Justsaying schrieb:Das ist ein sehr anschauliches Bild, das Du da entworfen hast.
Es ist rein fiktiv und ich denke eine Möglichkeit von vielen.
Ich fand es sehr auffällig, dass dieses provokante Verhalten von RB in dem XY-Film stark im Vordergrund stand und deutlich benannt wurde. Normalerweise wird da sehr stark darauf geachtet, das Opfer nicht in einem negativen Licht darzustellen, damit niemand auch nur ansatzweise darauf kommt, ihm eine Mitschuld an seinem Schicksal zu geben.
Wenn die Ermittler einfach nur davon ausgehen würden, dass sich tumbe Neonazis an seinem geschminckten Äußeren gestört hätten, dann wäre das dort deshalb denke ich nicht so ausführlich behandelt worden.
Ich hoffe, dass das hier nicht falsch verstanden wird: auch ich will RB auf gar keinen Fall eine Mitschuld unterstellen. Natürlich hat er in gar keiner Weise verdient, so behandelt zu werden und für den Angriff auf ihn gibt es überhaupt keine Rechtfertigung.
Aber es nutzt bei der Aufklärung so eines Falles eben auch nicht, so etwas unter den Tisch fallen zu lassen, weil es dazu führt, dass das Augenmerk von potentiellen Zeugen oder Mitwissern in eine falsche Richtung gelenkt wird.
Bisher hatte ich den Fall immer so im Kopf, dass RB ein bunter Paradiesvogel war, der einfach dadurch die Aufmerksamkeit und die Aggression von Personen aus dem rechten Randbereich auf sich gezogen hat, die ihn zu Tode geprügelt haben, einfach weil er anders war und nicht in deren Weltbild passte.
Der Film gestern hat aber durchaus auch eine - wie ich finde - sehr aggressive und gezielt provokante Seite des Opfers gezeigt. Er ist aktiv auf andere, teilweise fremde Personen zu gegangen und hat die belästigt und zwar auch ziemlich hartnäckig, wiederholt die gleichen Personen und auch ganz deutlich gegen deren Willen.

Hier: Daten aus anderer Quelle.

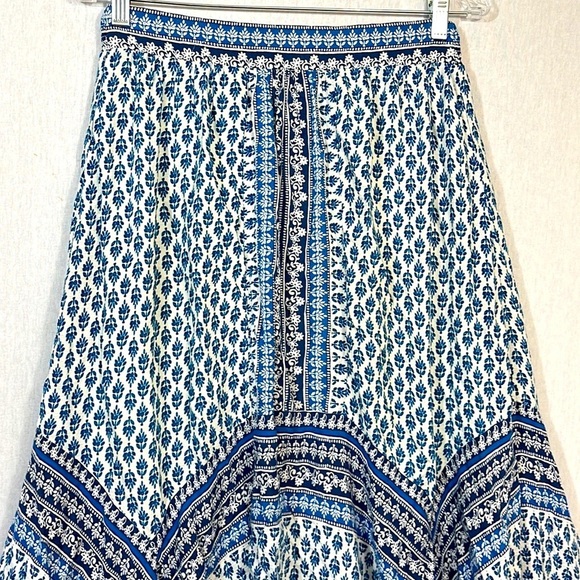 New Directions blue white asymmetrical hem batik print skirt - Picture 6 of 7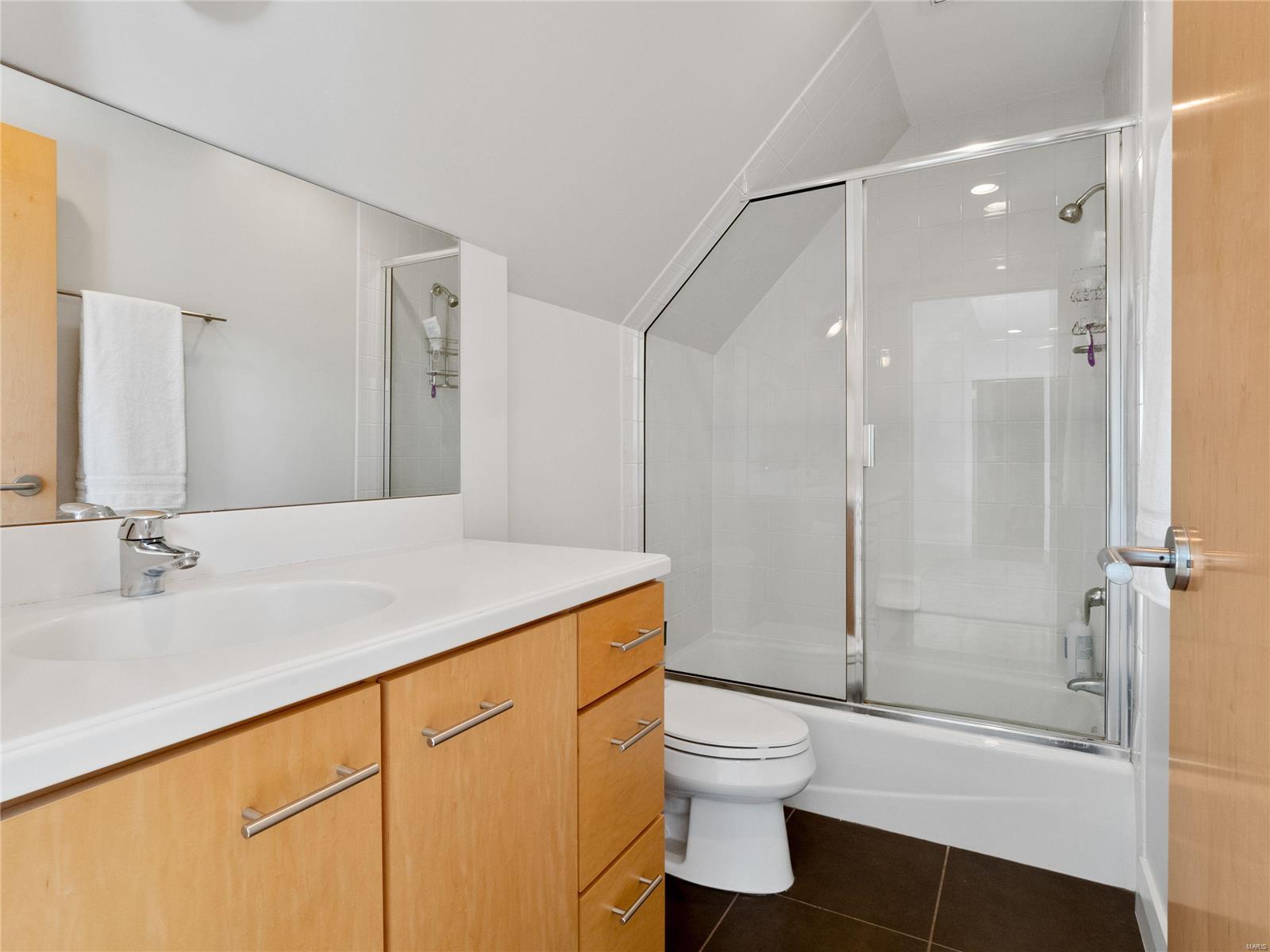 9048 Robyn Road Crestwood, MO 63126 - Photo 23 of 47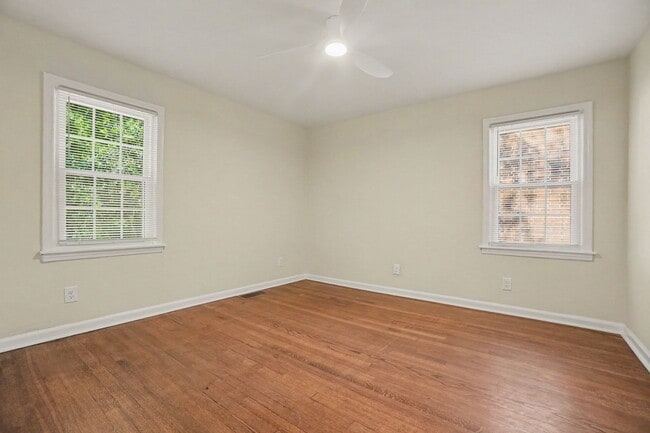 Building Photo - 490 Lynnhaven Dr SW
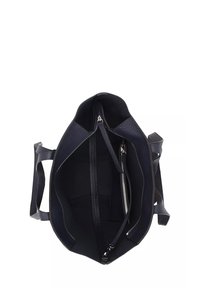 Borsa a tracolla in pelle nera con scomparto principale aperto, tasca interna con zip e due manici visibili dall'alto.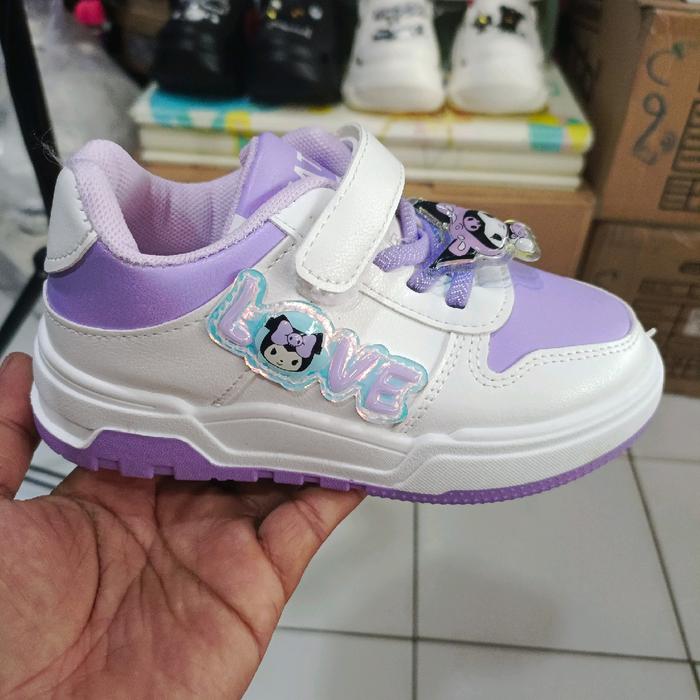 sepatu feata kuromi 26-31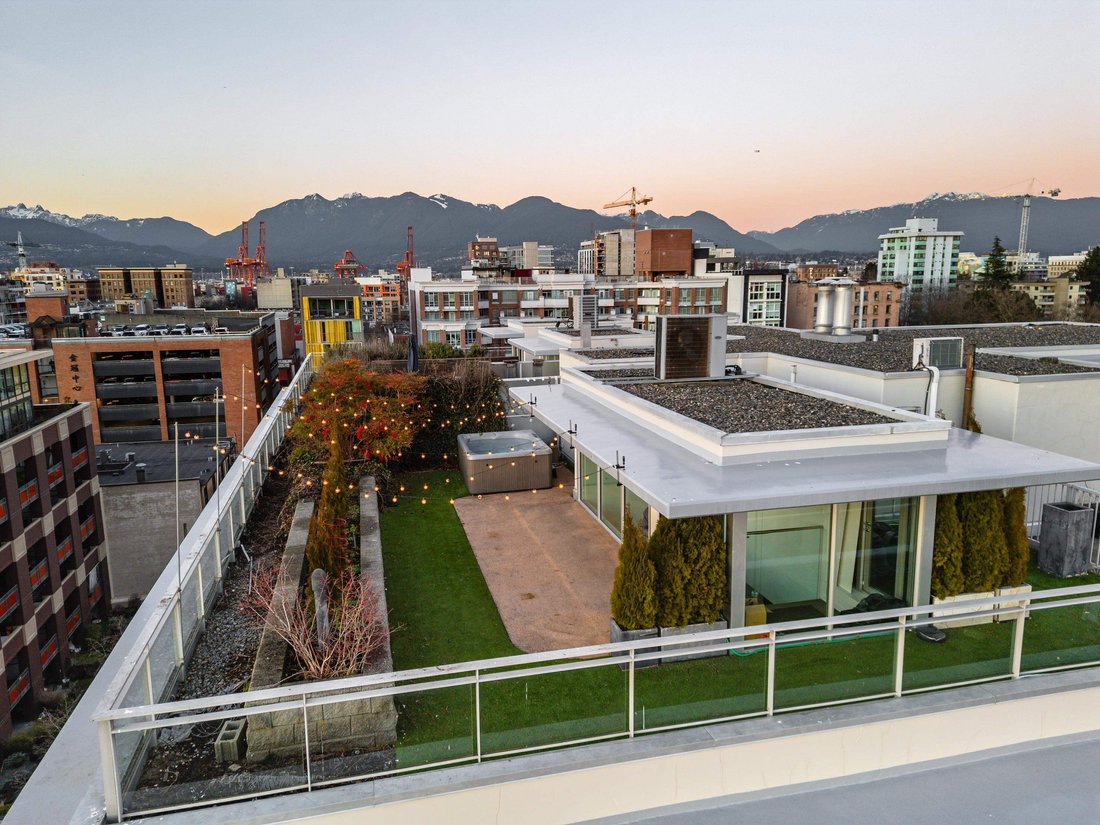 Incredible Custom 3 Storey Penthouse In Vancouver, British Columbia ...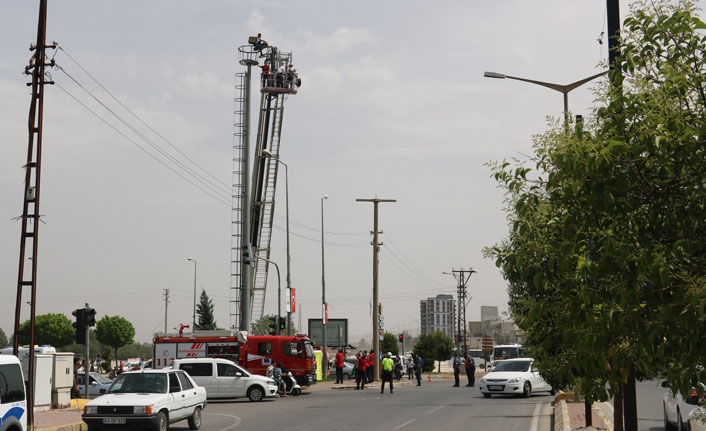 İntihar teşebbüsünü film gibi izlediler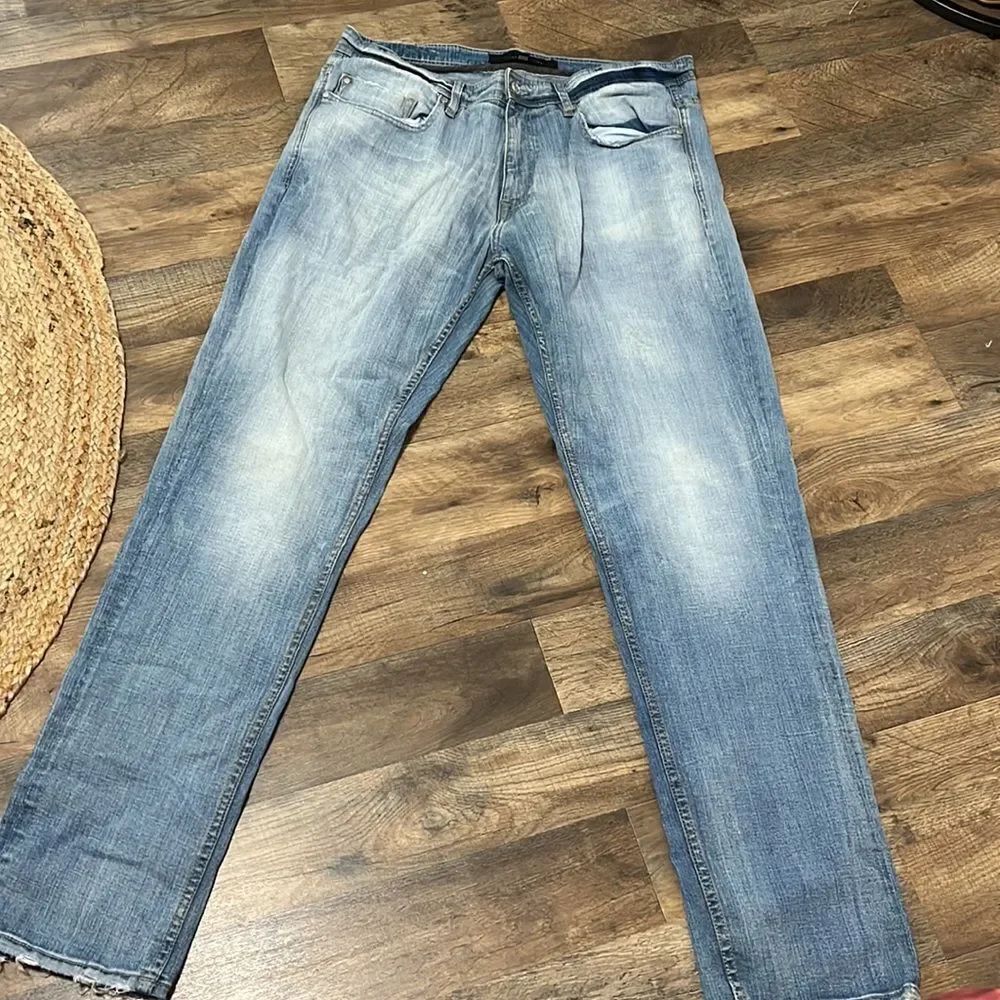 Jordan Craig Legacy Edition Aaron fit jeans. Size 36x32 - Picture 2 of 8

Das erweitert den Kreis an potentiellen Motiven für die Tat und damit natürlich auch an potentiellen Tätern erheblich.
Zu Beginn des Films habe ich mich zunächst gefragt, warum diese Szenen mit der Familie so aufwändig gezeigt werden. V.a. die Angst der Eltern, die in irgendeinem Wartezimmer sitzen und sich Sorgen um den Sohn machen und dann die Szene, wo der arme Vater den Sohn identifizieren muss und ihn nur noch an den Haaren zu erkennen scheint, weil das Gesicht so entstellt ist.
Aus der Kombination (zuerst das Leid der Angehörigen und dann danach die Darstellung und Benennung des provozierenden Verhaltens des RB) würde ich schließen, dass die Polizei mit dem Filmbeitrag versucht, gezielt Mitwisser anzusprechen. Zunächst soll Mitgefühl für das Opfer, aber vor allem für die Hinterbliebenen geweckt werden, es soll gezeigt werden, wie brutal das Opfer behandelt wurde und wie sehr die Angehörigen unter der Tat gelitten haben.
Dann soll vielleicht aber auch ein bisschen einem Mitwisser oder gar einem Täter eine Brücke gebaut werden, in dem gezeigt wurde, wie provokant RB sich teilweise völlig fremden gegenüber verhalten hat. Die möglichen Täter sollen eben nicht als tumbe, per se aggressive Neonazis dargestellt werden, sondern als Personen, die RB vielleicht aktiv provoziert hat und denen dabei die Sicherung durchgebrannt ist.
Die Kombination könnte vielleicht helfen, dass sich ein Mitwisser doch noch durchringt und sein Wissen als Zeuge preisgibt.